His own SNP MPs in Westminster have been vehemently opposed to the BSkyB bid on precisely these grounds. Yet, behind the scenes, here was their leader doing Rupert's bidding, offering to push the Murdoch line to the Culture Secretary, Jeremy Hunt (although the crucial phone call never took place).

No deal was struck about The Sun supporting the SNP at the last election – again, at this level you don't actually do deals. It's all about tacit understandings. Murdoch saw Salmond's flaw the moment he met him: his vanity. By bigging him up in tweets and by teasing him with the odd positive article in The Sun, he played the First Minister for a fool – as Labour's Scottish leader, Johann Lamont, put it best at First Minister's Questions. He was suckered into compromising himself. Lured into the Murdoch web and then wrapped in incriminating emails.

I don't actually believe that Murdoch had it in for Salmond or wanted to destroy his integrity. It's not entirely clear why he wanted the FM's backing. Salmond's support might even have been counterproductive, given that UK ministers regard him as a devious and unreliable separatist. Murdoch was probably just playing with him, like he plays with politicians in Westminster. Enjoying the dance, wondering just how far they will go to abase themselves.

They've all been suckered by Rupert: Tony Blair, a real-life godfather to Murdoch's offspring. Gordon Brown – how brilliant of Murdoch to spread that anecdote about the "unbalanced" former PM declaring "war" on News Corp. David Cameron, in a reckless attempt to buy a hotline to the heart of The Sun, even hired as his press secretary Andy Coulson, one of Murdoch's editors, who had lost his job over the phone-hacking scandal. I'm sure Murdoch didn't try to bully Culture Secretary Jeremy Hunt into backing his bid for BSkyB or letting his special adviser leak market-sensitive information to a News Corp lobbyist. The minister was only too eager to please Murdoch, even saying on his website that he was a "cheerleader" for News Corporation.

Murdoch made no threats to the Government, quite the reverse – he killed them with kindness. See how the Prime Minister, David Cameron, entrapped himself by having that Christmas dinner with the Murdoch clan – plus court jester Jeremy Clarkson – at The Sun editor Rebekah Brooks's house in Chipping Norton only months after he had entered Downing Street. Murdoch didn't order Brooks to set up this particular honeytrap any more than he ordered her to attend the slumber party at Chequers organised by the wife of the former Labour Prime Minister, Gordon Brown. It's just that they're all so anxious to please. As one of Murdoch's editors, Piers Morgan, put it, you spend a good part of your waking life asking yourself, "what would Rupert think of this?" ... and if you don't read his mind accurately, you don't thrive – simple as that. No, there are no concrete galoshes. No-one sleeps with the fishes, except metaphorically.

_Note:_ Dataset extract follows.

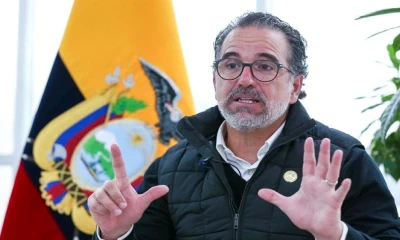 El ministro de Ambiente, Gustavo Manrique considerada la minería ilegal "una amenaza para la seguridad pública del Estado"  / Foto: EFE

The way Murdoch eviscerated his enemies last week was masterful. Releasing that string of emails showing the sycophancy and partiality of the Culture Secretary was immensely damaging to the Cameron government, and puts the Prime Minister firmly in the frame. Hunt has blamed his special adviser, Adam Smith, who has walked the plank to protect his boss. But it is, of course, inconceivable that Smith could have been acting alone – special advisers just don't. The entire Government has been unbalanced by Murdoch's testimony, and remains fearful of what comes next.

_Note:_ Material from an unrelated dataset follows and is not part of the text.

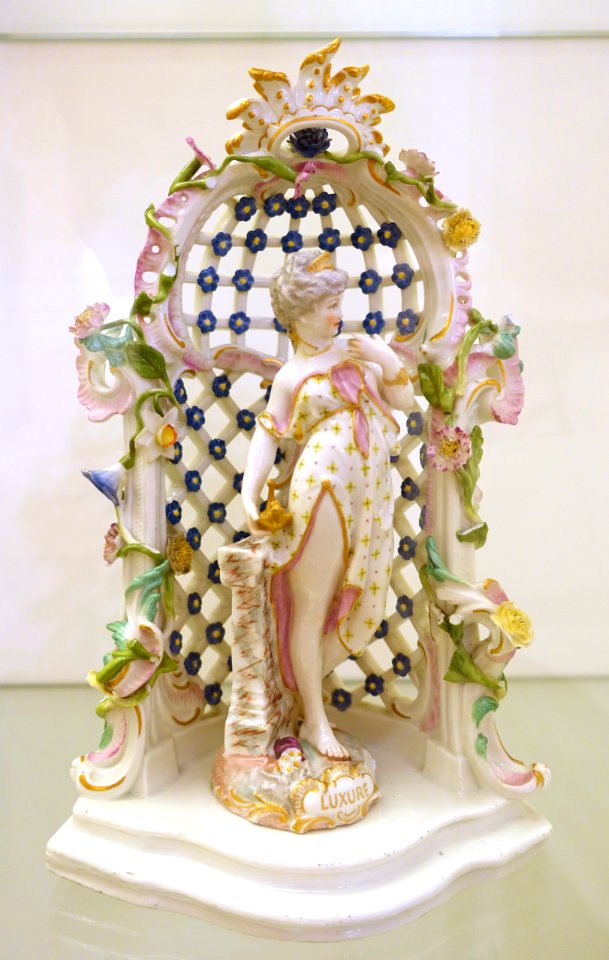 Luxure, unidentified, ceramic - Museo Nacional de Artes Decorativas - Madrid, Spain - DSC08324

But Rupert has got clean away. There was nothing seriously incriminating in his testimony under oath, nothing to attract the attention of the Metropolitan Police, who are anyway also in the dock, accused of taking The Sun's money and underplaying the phone-hacking affair. Many people thought – hoped – that this appearance at Leveson would bury Rupert Murdoch. They underestimated him. He has used the inquiry to bury his enemies instead.